Pencipta lagu Badai Pasti Berlalu ini pun menekankan, Pancasila adalah konsep dasar yang paling pas bagi negara kepulauan seperti Indonesia dengan berbagai budaya dan identitas yang terkandung di dalamnya. Menurutnya, sudah saatnya Indonesia belajar dari dirinya sendiri.
"Kita anti barat, tapi pro timur tengah dan budayanya. Di mana ada kelompok orang tertentu seolah-olah mewakili surga dan agama serta mewakili kenabian dan seterusnya. Menurut saya apa yang mau dicapai harus dipraktikkan," katanya.
"Jadi enggak usah sok-sokan paling tahu Indonesia. Sudahlah saya sampai sekarang masih yakin Pancasila itu yang paling baik kok buat negara kepulauan ini. Pancasila itu enggak pernah diterapkan di sini. Pancasila ini akan menjadi pemecah masalah. Saatnya kita bersatu. Jangan ada lagi ego kelompok," tambahnya.
Sementara itu, Staf Khusus Presiden Fadjroel Rachman mengatakan jika Pancasila dipercayai sebagai falsafah dasar negara, maka harus diadopsi sebagai perilaku dalam kehidupan berbangsa.

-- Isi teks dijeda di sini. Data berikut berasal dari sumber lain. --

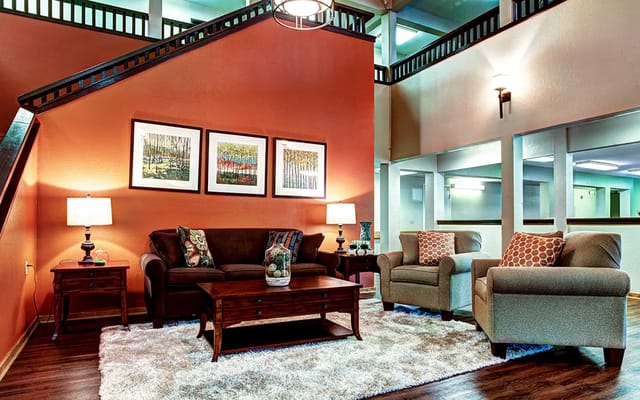 Interior view of a cozy common area with seating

Hanya saja, menurutnya, yang terjadi saat ini Pancasila baru berada di tataran konsep dan belum terinternalisasi di dalam kehidupan masyarakat, sehingga nilai-nilai yang terkandung di dalamnya dapat dipraktikkan.
"Apabila Pancasila dipercayai sebagai keyakinan, maka harus menjadi bagian dari kehidupan sebagai perilaku. Sekarang hanya menjadi sikap, belum menjadi nilai atau perilaku. Itu tantangannya," ujar Fadjroel.
Pancasila sebagai keyakinan artinya telah diyakini dan masuk dalam kehidupan sebagai kebiasaan (behavior). Lalu, perilaku akan bertransformasi menjadi habitus Pancasila.
"Jadi apabila believe, behaviours, dan perilaku bersatu, ini yang akan menjadi habitus Pancasila. Tapi kita tidak lari dari cita-cita dalam pidato Soekarno yang tercantum dalam lima sila," tukasnya.